Can you help me as I am trying at the moment to go from tuck planche to advanced tuck planche, (sure you have had this question a few times.) I am really struggling with any progress and wondered if there was any tips you knew that may help me along.
This video here describes tips on how to this step of planche training.
The tuck planche involves straight arms and holding your body aloft.
The next step involves making it one step closer to the advanced tuck planche. I originally learned of this as one step in planche progressions from Coach Sommer in this article here. Check it out for more ideas. This includes:
1. Bringing your Shoulders Forward
Bringing your shoulders forward places additional stress on them as the leveraged position is harder to hold. As you progress in teh various planche moves you’re moving more and more forward, requiring more and more strength.
2. Straighten the Back
This one is closely tied into the next one. In fact all three of these are tied together. Straightening the back tends to make you need to raise the hips and move the shoulders forward. A back that is straight (even arched a little) and parallel to the floor is the position you’ll be holding for all future planche progressions.
3. Raise the Hips
The hips should be raised up to shoulder level. In the regular tuck planche the hips are low but this is the main point in moving to the advanced tuck planche. As you raise the hips its natural for the legs to start to untuck. When starting out make sure to keep them tucked but as you improve levering them out is the next step.

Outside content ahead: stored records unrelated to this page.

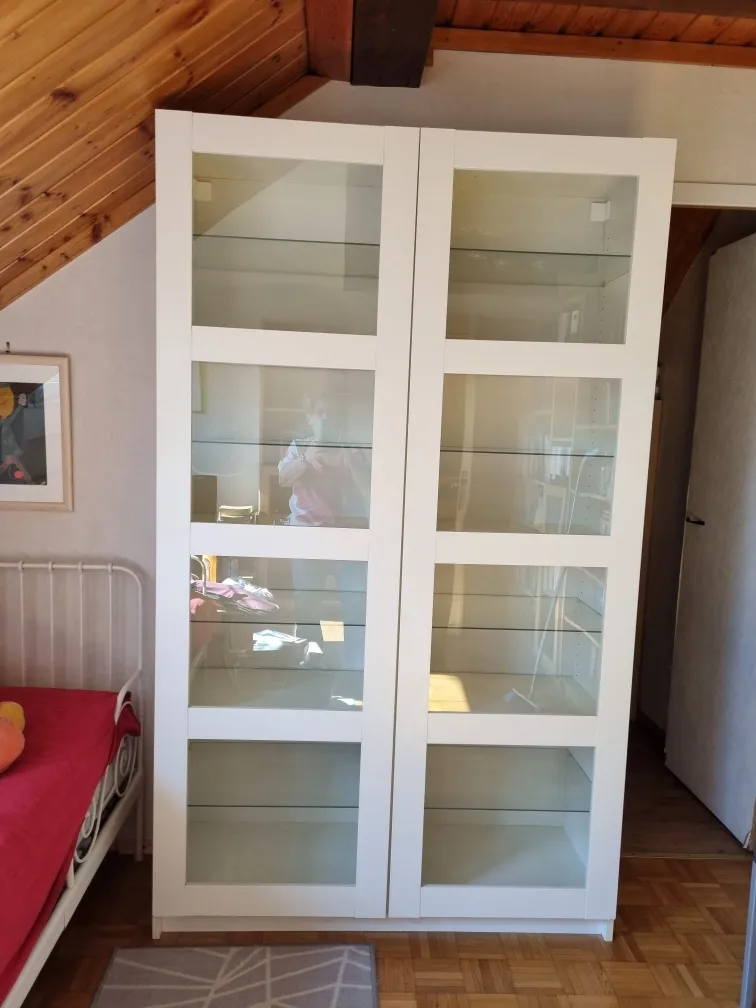 Ikea Schrank mit Glastüren, € 0,- (9020 Klagenfurt)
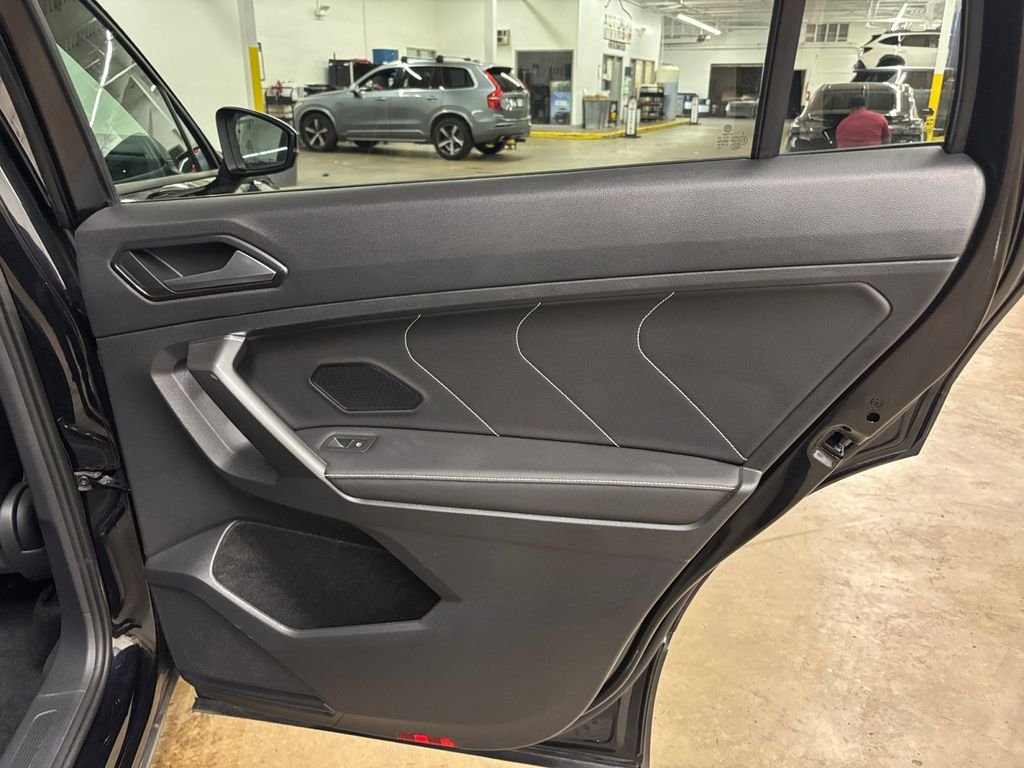 Used 2022 Deep Black Pearl Volkswagen 2.0T SE R-Line Black image 18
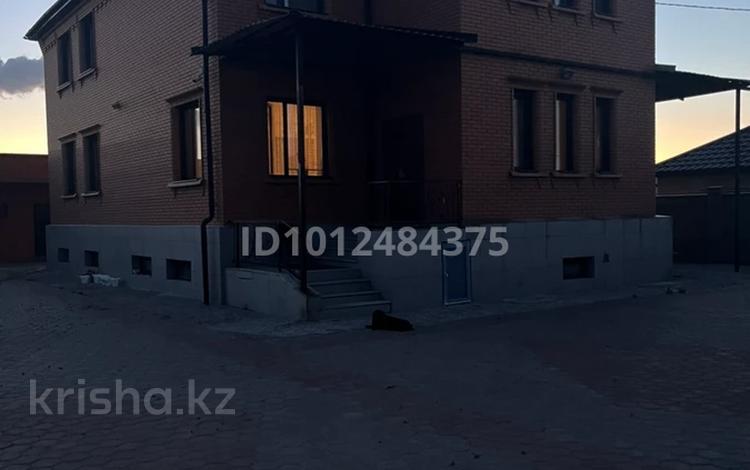Жеке үй · 5 бөлме · 500 м² · 10 жүзд., Үркер — Исатай батыра возле 33 школы, бағасы: 1.4 млн ₸ в Астане, Нура р-н — фото 2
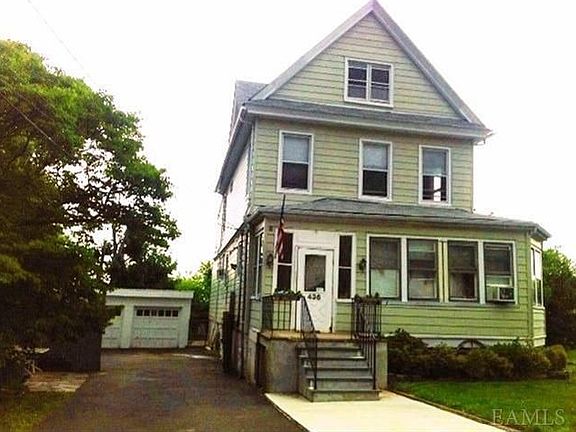 2nd image of 436 Bellevue Ave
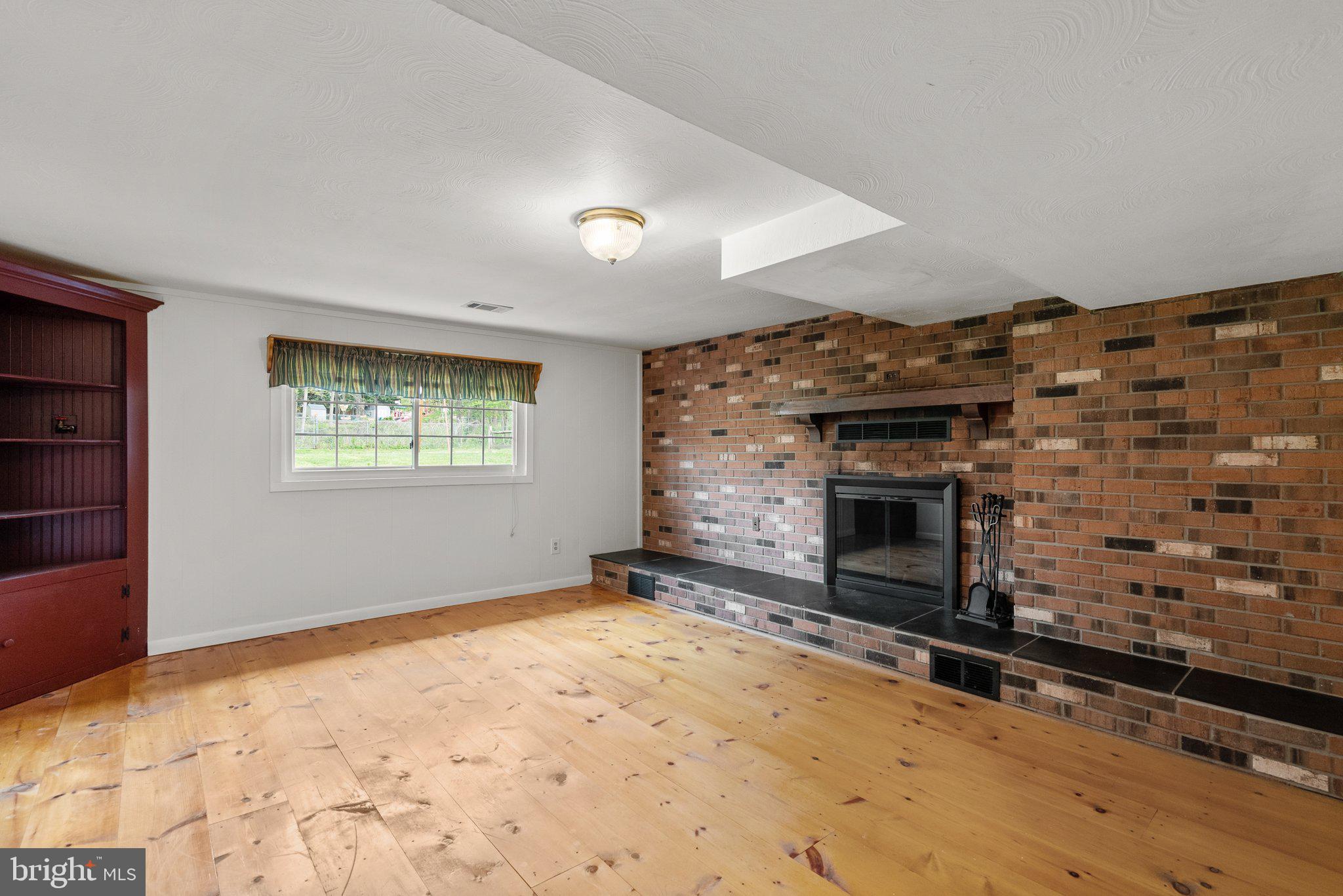 ASPEN HILL PARK - Residential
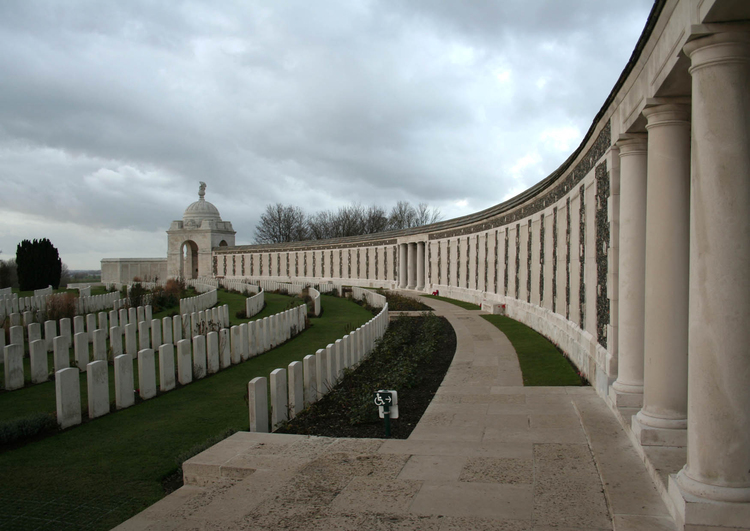 Foto cemitÃ©rio Tyne Cot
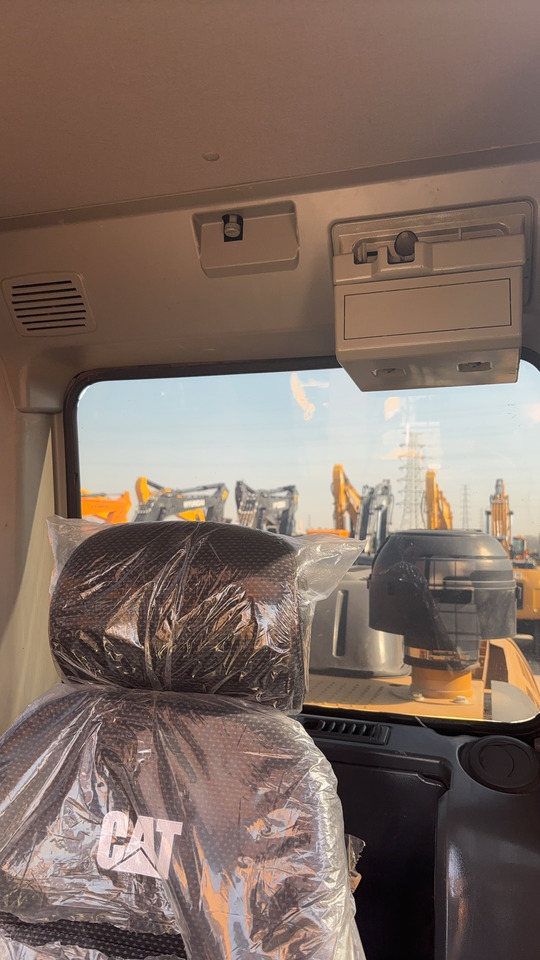 CATERPILLAR 330D2L used excavator source supply - Excavadora de cadenas: foto 5 CATERPILLAR 330D2L used excavator source supply - Excavadora de cadenas: foto 5
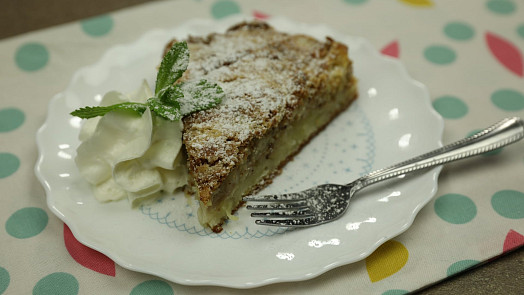 Nejjednodušší jablečný dezert upečete raz dva z pár běžných surovin: Sypaný koláč je vláčný, voňavý a krásně křupe Nejjednodušší jablečný dezert upečete raz dva z pár běžných surovin: Sypaný koláč je vláčný, voňavý a krásně křupe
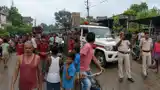 लगातार बारिश से हुआ जल जमाव, आक्रोशित लोगों ने किया प्रदर्शन, सडक जाम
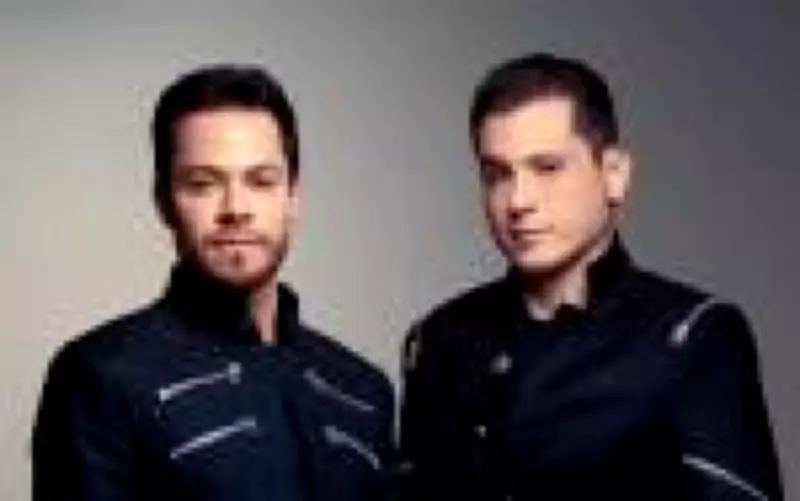 Dupla de ilusionistas Henry e Klauss retorna ao Brasil com espetáculo de nível mundial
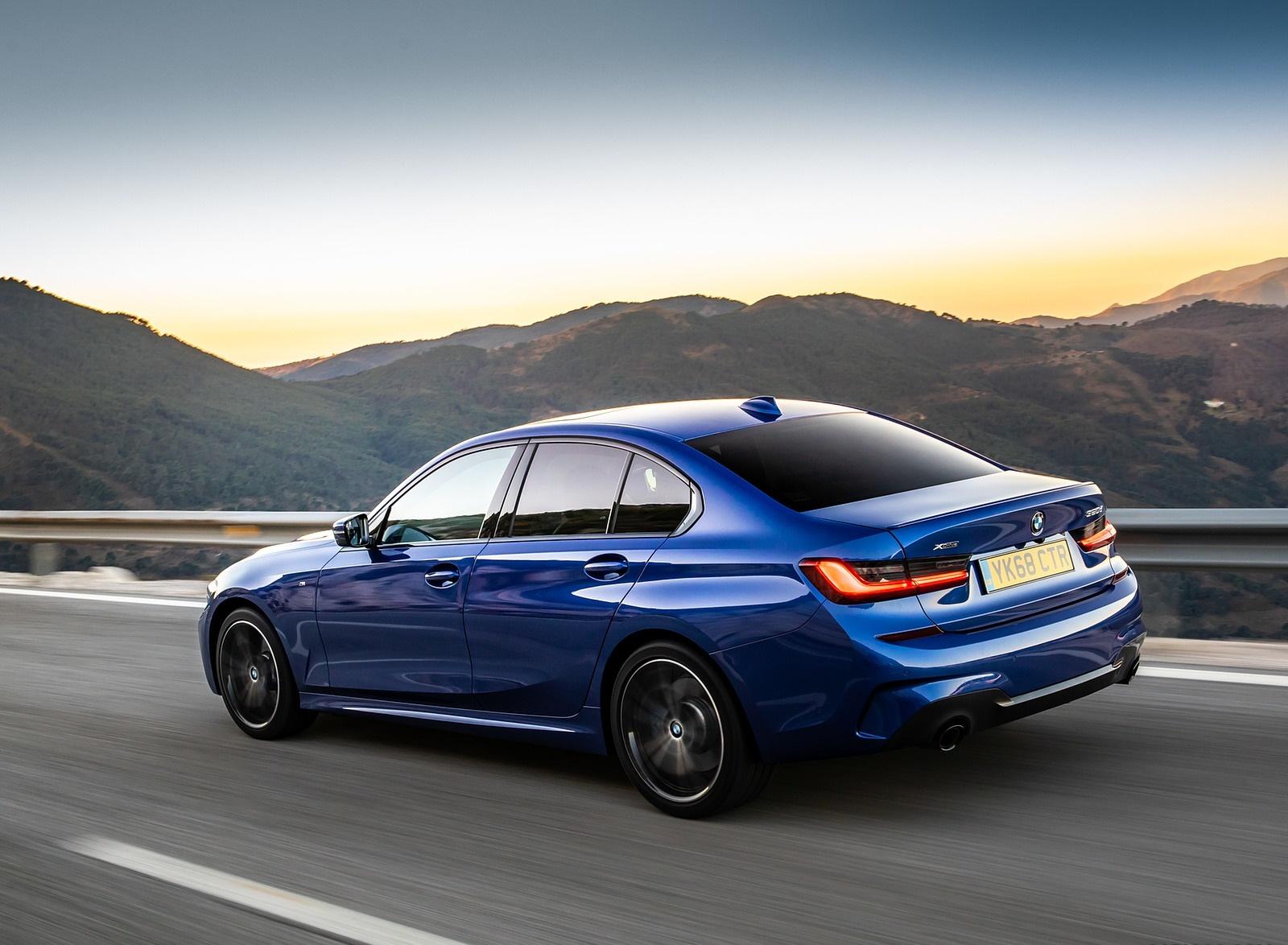 1600x1174 BMW 3 Series Saloon 320d XDrive (UK Spec) Rear Three Quarter Wallpaper (12)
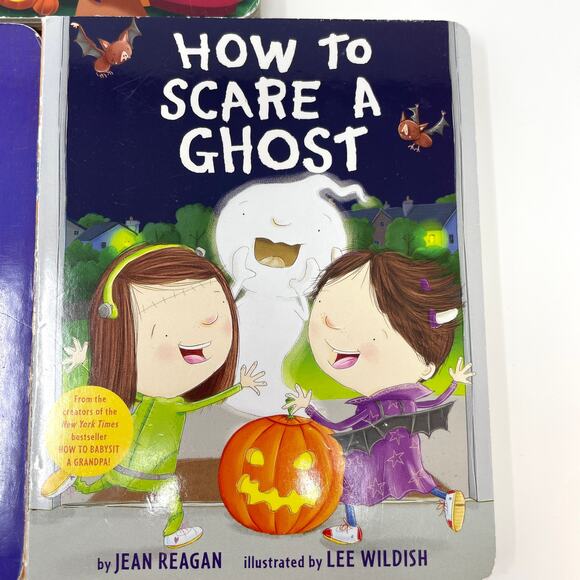 Kids Toddler Halloween Book Bundle - Picture 4 of 5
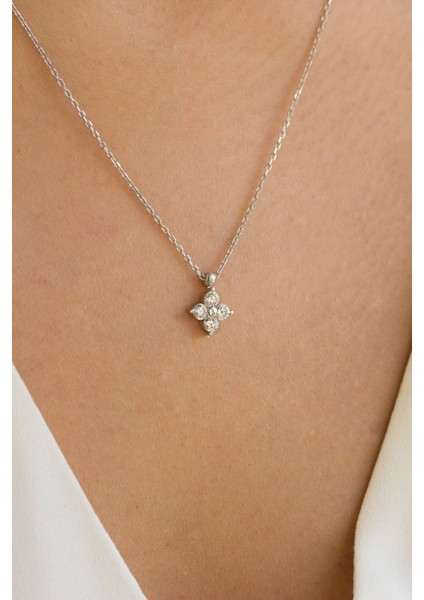 Gümüş Yonca Kolye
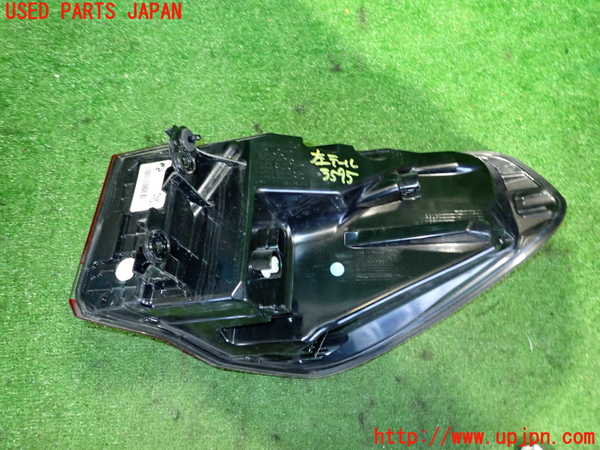 2UPJ-9235951536]BMW X1(AD20)左テールランプ 中古 (F48)_3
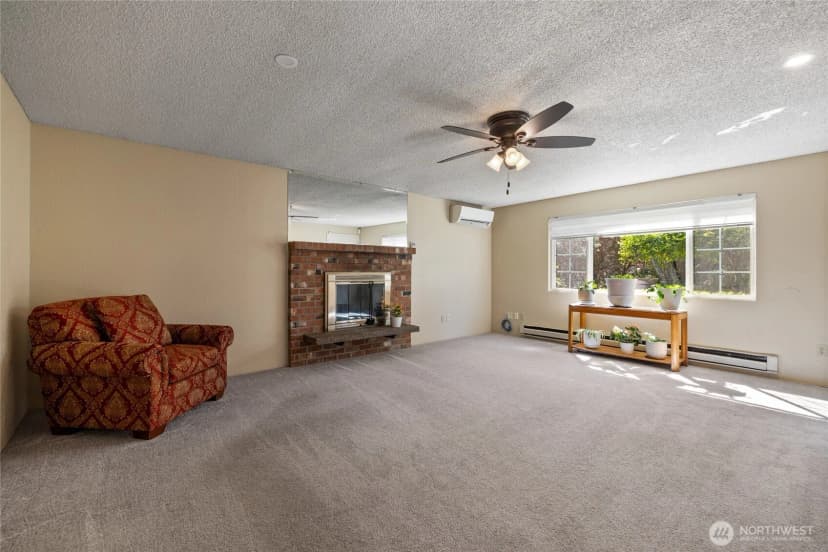 Property photo for 3207 45th Avenue Ne, Tacoma photo 4
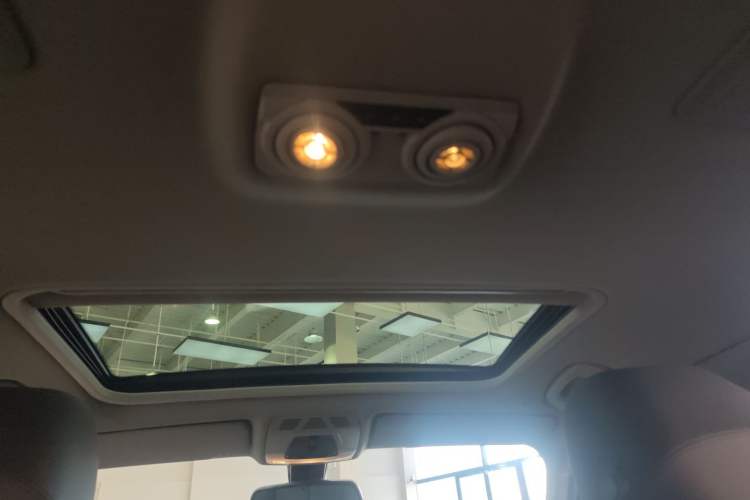 Used BMW 3 Series 2015 320Li Fashion Model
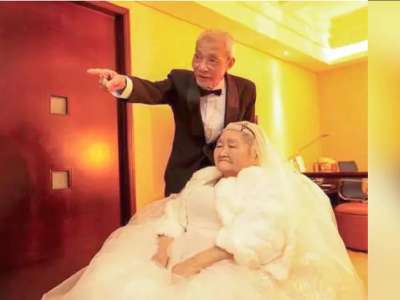 [视频]情人节最温暖告白！84岁老人包下整楼示爱老伴
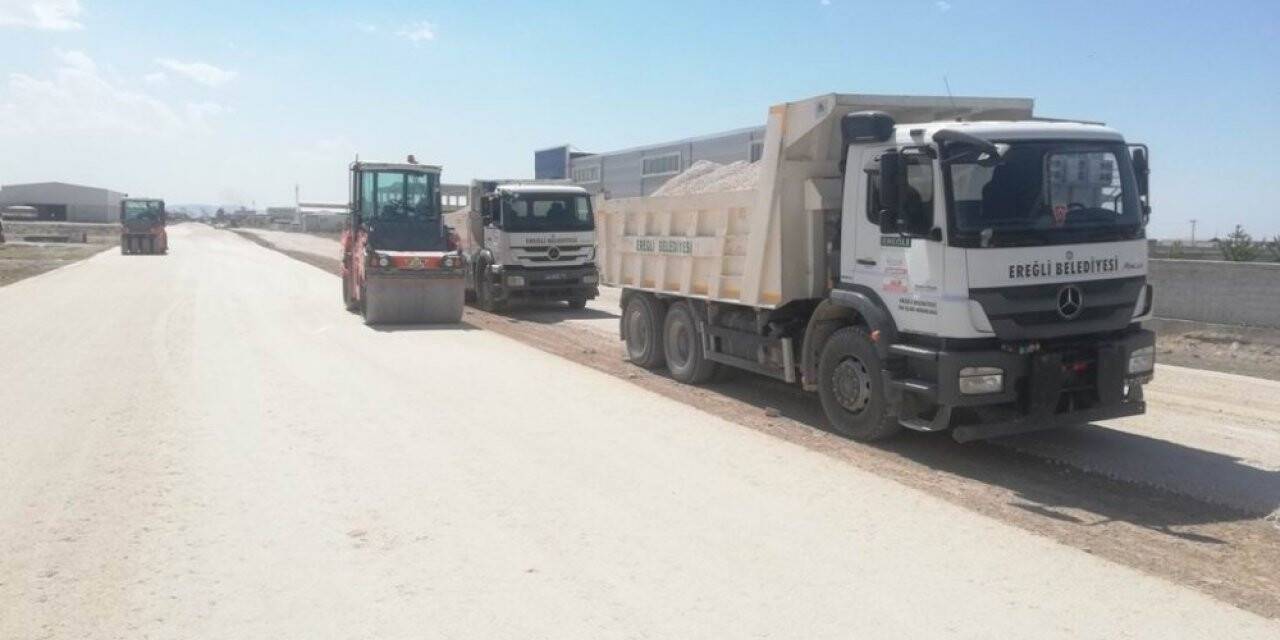 Ereğli Belediyesi asfalt çalışmalarına devam ediyor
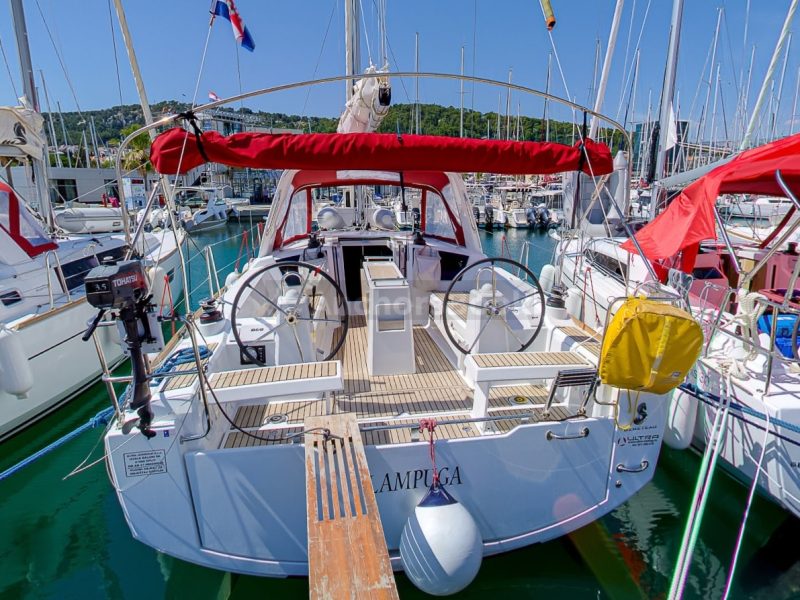 Oceanis 35.1 Beneteau - Lampuga - Full Week Charter In Split, Croatia | AnchorsBook Photo Oceanis 35.1 Beneteau - Lampuga - Full Week Charter In Split, Croatia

I didn’t make it completely clear in the video. Think of these three areas as places you can focus on and start the movement from, but recognize that they are all related.
The planche is a truly difficult move and will take a long time to master. With these moves be content to add a second here, or a slightly better position there. Small improvements over time lead to amazing moves.
For much more on planching as well as all forms of hand balancing consult the Hand Balancing Mastery Course.
Comments
Very good aticle Logan! As ususal! I have trained/played with the Planche for the last year on & off… but Am on planning to work on it dilligentely from the beginning of this year, wich means I’m ALREADY 6 feet deep innit! I love this training… Although I train it WITHOUT any paralletes or pushup handles/blockweight handles… simply because it’s harder & it allows me at the same time also improve whenever I do choose to train or try it out on paralletes & so on…
I’m NOW working on the Flat Tuck Planche step from Coach Sommer’s Fantastic book: Building the Gymnastic Body… Freaking LOVE that book! I’m currently working on it SLOWELY & with the ”Steady State Cycle” program… I have to say that with the Steady State Cycle (Overload, Load & Underload) Phases I feel that I make WAY MORE & BETTER Progress in the LONG run then without it, I tried last year to rush FAST through the easier steps (like the Advanced Frog Stand, Tuck Planche)… but found out I burned out fast with that kinda attitude towards the Planche training, wich, like you said, WILL take ALOT of time to TRULY Master! & As I’m planning to MASTER the TRUE planche, with the face facing forwards & Body Straight from Head to Toes like Rafael Guerrero… I know that it will take at LEAST 4x MORE time then with the Regular (face down) Planche that MOST people do…
So my question was…. what experiences did you have with the Steady State Cycle in the LONG RUN? any improvements & good results with it? how about the ”mental burnout” that Coach Sommer is talking about in his book & how to avoid it with the ”Steady State Cycle”? you noticed any differences with this type of program towards the Planche (can also be used for the Front Lever, Back Lever, Manna, STraddle Sit etc.)
I was just wondering if this ”Steady State Cycle” worked better in the LONG RUN then the other programs he mentioned in his book? & what your ideas are about it… the Ups & Downs if you will?
Thanks for your time man! & I’m looking forward to your answer!
sorry but the link to Sommers doesn’t go anywhere. could you check it out?
But how do you go from “frogstand” to tuck planche?